March 26th, 2014 14:00

2012 R2 Standard - Retail or OEM - will allow TWO instances of Windows, either physical or virtual.  You can run THREE instances, but ONLY if one is used ONLY as the Hyper-V servers to manage two virtuals.  Seeing as how the plan is to run VMware, each OEM Server 2012 R2 Standard will cover TWO VM's per server.

- TWO Standard OEM (or Retail) licenses per server (allowing for up to 4 VM's per server) - ONE Standard OEM (or Retail) license per server (2 VM's per server) + ONE Retail license to share between the two servers for the third VM on each machine.

Licensing is the same between Retail and OEM, the only difference being that OEM cannot be transferred to another machine (OEM-licensed VM's can ONLY be run on that machine) ... Retail-licensed VM's can be moved to another host if/when needed.

2012 R2 Standard is licensed for up to TWO physical processors (regardless of the number of cores).  Whether you have one or two physical processors, ONE Windows Server Standard license will work.  A quad-processor system would require two Standard licenses to properly license the number of processors in the machine, IF Windows was running directly on the hardware.  Running 2012 in a VM, you can assign as many cores to it as you like, but only a max of 2 processors in VMware.

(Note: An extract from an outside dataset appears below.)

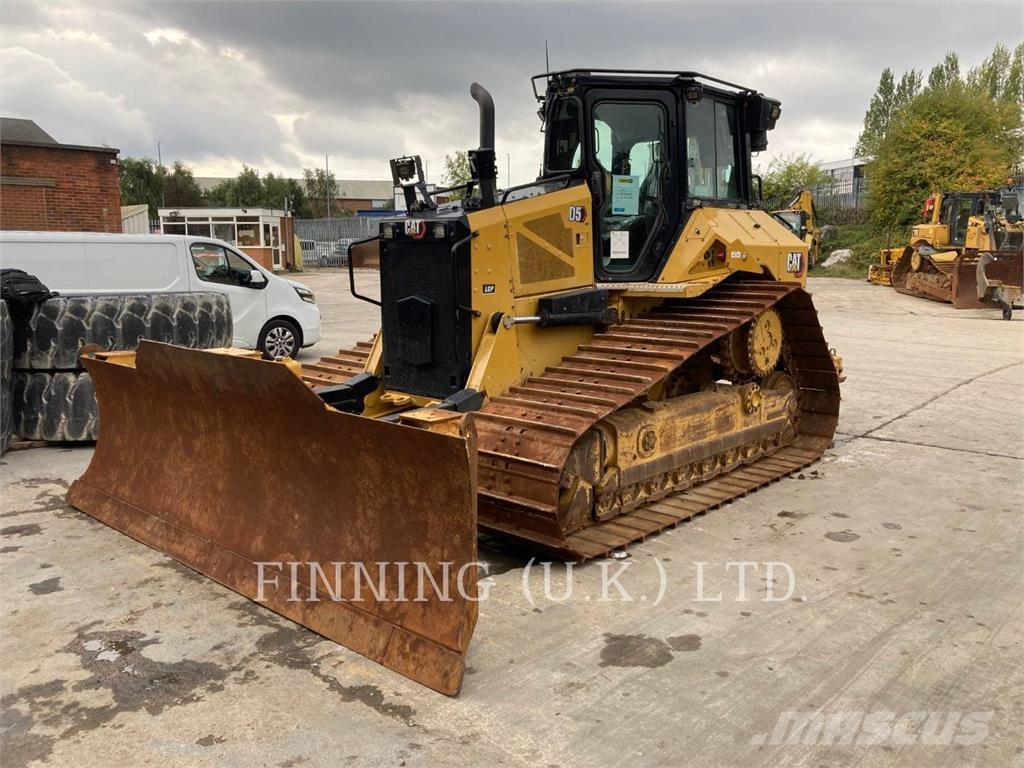 CAT D5-17 LGP Pásové dozery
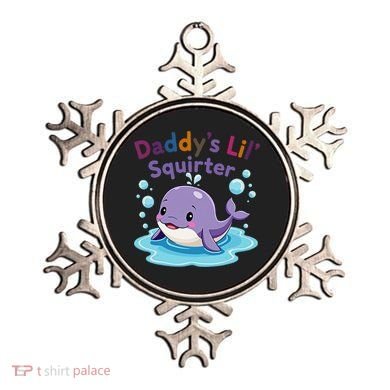 DaddyS Lil Squirter Inappropriate Funny Embarrassing Women Ornament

So, if you were installing Windows on your single-processor server, a single license would be fine, but since VMware will be your physical OS, you must only pay attention to the number of virtual processors assigned to each 2012 VM.  Also, each Standard license will give you only TWO virtual instances of 2012.

Because a lot of software is licensed per processor, VMware has made it so you can dedicate as much power to your machine as possible (through assigning cores) without affecting your per-processor licensing limits.